* Work to complete: Identify each line in the records below that contains the word "Sports", and copy it.

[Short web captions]
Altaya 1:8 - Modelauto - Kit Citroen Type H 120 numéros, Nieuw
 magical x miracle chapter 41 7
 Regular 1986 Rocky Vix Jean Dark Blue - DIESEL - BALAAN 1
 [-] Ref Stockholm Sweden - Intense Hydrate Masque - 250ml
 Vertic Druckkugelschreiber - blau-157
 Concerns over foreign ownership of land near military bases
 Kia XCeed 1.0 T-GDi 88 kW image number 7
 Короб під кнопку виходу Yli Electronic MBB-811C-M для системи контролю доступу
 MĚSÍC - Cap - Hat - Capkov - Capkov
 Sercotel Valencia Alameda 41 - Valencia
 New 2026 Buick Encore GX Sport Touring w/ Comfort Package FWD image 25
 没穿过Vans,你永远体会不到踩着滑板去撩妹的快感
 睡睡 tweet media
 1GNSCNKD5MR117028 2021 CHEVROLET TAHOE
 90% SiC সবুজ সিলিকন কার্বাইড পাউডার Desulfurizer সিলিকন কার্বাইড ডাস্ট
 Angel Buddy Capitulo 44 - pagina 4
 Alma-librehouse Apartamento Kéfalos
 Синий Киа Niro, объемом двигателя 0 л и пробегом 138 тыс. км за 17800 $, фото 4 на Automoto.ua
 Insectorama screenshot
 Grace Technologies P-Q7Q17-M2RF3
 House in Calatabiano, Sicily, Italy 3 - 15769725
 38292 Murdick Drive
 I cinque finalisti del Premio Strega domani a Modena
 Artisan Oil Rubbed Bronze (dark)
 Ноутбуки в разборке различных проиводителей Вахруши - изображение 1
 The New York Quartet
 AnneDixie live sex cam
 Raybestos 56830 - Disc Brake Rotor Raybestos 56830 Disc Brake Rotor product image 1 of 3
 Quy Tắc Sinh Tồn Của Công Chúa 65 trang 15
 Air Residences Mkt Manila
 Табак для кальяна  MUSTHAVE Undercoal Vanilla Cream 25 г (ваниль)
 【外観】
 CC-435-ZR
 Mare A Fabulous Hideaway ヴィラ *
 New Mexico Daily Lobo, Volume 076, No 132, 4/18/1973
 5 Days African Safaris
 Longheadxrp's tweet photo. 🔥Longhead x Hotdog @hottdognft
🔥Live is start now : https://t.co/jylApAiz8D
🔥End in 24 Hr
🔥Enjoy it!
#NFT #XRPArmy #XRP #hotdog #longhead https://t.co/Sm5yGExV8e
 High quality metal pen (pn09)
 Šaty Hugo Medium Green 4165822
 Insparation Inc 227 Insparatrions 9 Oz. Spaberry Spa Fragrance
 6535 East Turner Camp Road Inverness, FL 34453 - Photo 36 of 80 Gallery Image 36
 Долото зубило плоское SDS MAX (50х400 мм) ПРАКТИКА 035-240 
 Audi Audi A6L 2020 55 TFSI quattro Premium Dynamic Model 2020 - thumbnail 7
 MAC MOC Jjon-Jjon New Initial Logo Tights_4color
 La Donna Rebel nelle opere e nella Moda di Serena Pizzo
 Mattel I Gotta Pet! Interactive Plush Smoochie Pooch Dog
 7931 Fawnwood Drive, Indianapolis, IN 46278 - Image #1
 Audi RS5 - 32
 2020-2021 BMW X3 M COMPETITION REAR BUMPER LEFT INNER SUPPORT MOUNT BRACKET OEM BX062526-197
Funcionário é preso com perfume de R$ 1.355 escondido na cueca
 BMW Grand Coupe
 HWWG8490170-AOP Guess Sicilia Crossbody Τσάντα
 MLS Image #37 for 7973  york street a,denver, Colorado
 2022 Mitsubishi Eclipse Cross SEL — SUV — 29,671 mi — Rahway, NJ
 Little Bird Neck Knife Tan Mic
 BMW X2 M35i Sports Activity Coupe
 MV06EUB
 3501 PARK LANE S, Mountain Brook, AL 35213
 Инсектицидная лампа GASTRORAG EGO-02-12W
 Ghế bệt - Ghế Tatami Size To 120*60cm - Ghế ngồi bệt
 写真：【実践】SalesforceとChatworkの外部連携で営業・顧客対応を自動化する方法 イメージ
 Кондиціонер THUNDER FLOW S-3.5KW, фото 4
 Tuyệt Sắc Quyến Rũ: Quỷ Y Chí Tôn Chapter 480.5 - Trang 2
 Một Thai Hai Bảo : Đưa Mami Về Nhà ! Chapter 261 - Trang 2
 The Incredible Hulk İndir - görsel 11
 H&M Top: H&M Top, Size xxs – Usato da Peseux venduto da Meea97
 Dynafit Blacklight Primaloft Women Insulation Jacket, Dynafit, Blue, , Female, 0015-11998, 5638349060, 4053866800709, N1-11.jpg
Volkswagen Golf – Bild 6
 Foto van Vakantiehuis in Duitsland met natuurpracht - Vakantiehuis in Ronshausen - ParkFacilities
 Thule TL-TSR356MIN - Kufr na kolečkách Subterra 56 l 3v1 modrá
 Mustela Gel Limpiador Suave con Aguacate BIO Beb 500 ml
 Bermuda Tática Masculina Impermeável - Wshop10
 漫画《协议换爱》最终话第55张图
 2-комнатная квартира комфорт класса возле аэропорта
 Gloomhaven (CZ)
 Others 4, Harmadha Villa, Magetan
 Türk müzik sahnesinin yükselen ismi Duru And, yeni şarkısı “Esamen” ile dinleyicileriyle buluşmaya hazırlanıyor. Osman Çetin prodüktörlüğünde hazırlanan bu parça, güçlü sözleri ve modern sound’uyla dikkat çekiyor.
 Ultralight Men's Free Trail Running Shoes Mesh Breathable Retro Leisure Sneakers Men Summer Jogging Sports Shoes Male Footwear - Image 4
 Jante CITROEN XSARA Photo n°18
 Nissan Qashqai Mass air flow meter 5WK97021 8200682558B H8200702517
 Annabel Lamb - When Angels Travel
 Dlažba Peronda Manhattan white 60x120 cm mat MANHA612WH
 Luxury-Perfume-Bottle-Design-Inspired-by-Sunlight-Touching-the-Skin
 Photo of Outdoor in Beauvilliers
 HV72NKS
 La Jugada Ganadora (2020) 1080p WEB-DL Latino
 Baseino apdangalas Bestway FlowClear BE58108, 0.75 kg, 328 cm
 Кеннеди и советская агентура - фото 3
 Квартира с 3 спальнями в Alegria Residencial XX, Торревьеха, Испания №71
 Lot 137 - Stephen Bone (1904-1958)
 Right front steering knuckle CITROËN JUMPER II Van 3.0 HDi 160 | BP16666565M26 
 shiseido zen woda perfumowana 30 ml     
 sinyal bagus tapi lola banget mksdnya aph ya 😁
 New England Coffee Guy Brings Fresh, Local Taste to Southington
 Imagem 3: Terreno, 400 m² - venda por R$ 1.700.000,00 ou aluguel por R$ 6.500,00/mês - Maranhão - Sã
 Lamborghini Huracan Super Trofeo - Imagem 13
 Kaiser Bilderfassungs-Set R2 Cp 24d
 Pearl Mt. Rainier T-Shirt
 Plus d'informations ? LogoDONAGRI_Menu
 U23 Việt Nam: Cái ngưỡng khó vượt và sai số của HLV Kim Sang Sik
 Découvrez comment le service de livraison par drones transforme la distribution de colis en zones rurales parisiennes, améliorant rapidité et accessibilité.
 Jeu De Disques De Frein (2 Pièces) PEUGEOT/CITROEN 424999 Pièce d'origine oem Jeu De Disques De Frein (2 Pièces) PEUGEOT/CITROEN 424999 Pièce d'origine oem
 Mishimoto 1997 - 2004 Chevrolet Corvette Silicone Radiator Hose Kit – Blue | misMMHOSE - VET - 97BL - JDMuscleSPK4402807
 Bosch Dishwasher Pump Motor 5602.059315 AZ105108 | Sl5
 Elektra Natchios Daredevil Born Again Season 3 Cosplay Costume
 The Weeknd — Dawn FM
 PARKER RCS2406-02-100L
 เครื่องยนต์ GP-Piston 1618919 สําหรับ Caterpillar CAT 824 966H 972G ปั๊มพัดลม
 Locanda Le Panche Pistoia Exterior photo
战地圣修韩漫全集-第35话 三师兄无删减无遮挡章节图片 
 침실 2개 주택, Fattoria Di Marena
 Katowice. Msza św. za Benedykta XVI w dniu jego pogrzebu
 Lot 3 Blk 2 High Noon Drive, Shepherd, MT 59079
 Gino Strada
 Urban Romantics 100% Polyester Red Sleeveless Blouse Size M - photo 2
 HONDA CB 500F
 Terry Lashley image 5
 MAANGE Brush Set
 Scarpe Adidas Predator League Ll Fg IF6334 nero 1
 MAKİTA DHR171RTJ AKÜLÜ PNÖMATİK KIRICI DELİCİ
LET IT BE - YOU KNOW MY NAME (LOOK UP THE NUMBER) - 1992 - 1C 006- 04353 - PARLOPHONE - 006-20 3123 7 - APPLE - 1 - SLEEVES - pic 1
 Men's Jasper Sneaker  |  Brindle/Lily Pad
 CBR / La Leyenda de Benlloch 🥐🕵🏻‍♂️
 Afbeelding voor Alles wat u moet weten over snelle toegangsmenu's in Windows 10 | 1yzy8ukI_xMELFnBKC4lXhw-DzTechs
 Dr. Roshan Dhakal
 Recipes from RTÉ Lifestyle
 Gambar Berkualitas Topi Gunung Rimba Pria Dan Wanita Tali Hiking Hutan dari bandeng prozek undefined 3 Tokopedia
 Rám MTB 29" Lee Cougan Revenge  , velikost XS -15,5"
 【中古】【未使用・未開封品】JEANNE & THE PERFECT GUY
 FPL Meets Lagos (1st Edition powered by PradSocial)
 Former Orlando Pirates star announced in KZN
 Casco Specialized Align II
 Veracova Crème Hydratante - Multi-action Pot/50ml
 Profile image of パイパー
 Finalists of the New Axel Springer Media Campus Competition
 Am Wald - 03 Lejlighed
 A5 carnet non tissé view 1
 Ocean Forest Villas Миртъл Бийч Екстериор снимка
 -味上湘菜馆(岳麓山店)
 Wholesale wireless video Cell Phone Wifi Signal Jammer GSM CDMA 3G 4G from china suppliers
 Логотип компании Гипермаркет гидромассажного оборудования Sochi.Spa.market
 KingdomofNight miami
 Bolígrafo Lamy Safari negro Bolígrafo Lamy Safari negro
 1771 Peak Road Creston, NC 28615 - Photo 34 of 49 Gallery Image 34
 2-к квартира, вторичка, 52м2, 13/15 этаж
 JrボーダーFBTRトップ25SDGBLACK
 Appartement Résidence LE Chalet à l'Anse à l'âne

* Solution to the problem:
 BMW X2 M35i Sports Activity Coupe
 Ultralight Men's Free Trail Running Shoes Mesh Breathable Retro Leisure Sneakers Men Summer Jogging Sports Shoes Male Footwear - Image 4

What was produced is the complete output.